Videogenic: Identifying Highlight Moments in Videos with Professional Photographs as a Prior
This work addresses the challenge of scalable highlight extraction for video editors, offering a practical tool to reduce workload and improve efficiency, though it is incremental in leveraging existing methods like CLIP.
The paper tackles the problem of extracting highlight moments from videos by using professional photographs as a prior, showing that CLIP-based retrieval with a photograph collection can effectively identify highlights, as validated in human studies with 50 participants and expert evaluations with 12 participants.
This paper investigates the challenge of extracting highlight moments from videos. To perform this task, we need to understand what constitutes a highlight for arbitrary video domains while at the same time being able to scale across different domains.

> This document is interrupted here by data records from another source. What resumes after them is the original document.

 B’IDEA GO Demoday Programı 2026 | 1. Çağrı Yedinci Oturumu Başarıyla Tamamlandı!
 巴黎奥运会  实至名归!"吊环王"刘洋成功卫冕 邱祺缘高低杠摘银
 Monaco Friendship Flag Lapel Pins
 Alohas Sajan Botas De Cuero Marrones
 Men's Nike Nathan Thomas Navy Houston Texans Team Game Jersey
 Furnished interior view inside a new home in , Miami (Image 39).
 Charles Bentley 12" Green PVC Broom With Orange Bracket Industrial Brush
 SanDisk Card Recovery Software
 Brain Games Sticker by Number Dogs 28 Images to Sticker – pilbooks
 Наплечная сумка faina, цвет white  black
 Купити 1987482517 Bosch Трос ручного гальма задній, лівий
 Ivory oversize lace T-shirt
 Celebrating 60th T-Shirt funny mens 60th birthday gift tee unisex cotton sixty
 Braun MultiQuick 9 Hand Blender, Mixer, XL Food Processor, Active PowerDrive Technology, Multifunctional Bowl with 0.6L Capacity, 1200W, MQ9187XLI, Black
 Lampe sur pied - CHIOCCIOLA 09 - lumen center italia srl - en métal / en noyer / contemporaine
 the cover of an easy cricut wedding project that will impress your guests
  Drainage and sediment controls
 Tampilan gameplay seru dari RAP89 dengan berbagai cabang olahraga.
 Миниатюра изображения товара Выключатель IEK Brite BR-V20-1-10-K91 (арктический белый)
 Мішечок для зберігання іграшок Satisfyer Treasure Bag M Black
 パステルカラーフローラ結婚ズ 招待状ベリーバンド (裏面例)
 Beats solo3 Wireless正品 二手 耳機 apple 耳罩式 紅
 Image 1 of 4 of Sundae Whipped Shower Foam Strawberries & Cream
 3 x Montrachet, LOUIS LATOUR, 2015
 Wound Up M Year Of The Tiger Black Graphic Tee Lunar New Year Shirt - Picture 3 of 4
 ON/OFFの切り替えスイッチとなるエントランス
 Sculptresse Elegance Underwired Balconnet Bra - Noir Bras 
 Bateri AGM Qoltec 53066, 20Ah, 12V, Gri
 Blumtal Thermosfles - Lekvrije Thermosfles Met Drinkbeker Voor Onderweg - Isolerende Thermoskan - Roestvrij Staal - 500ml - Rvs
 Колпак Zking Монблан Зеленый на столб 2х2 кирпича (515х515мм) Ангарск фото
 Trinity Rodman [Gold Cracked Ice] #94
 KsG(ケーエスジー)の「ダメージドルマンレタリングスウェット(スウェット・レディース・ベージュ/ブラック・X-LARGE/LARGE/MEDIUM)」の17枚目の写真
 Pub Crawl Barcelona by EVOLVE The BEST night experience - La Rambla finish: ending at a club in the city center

Our key insight is that photographs taken by photographers tend to capture the most remarkable or photogenic moments of an activity. Drawing on this insight, we present Videogenic, a technique capable of creating domain-specific highlight videos for a diverse range of domains. In a human evaluation study (N=50), we show that a high-quality photograph collection combined with CLIP-based retrieval (which uses a neural network with semantic knowledge of images) can serve as an excellent prior for finding video highlights. In a within-subjects expert study (N=12), we demonstrate the usefulness of Videogenic in helping video editors create highlight videos with lighter workload, shorter task completion time, and better usability.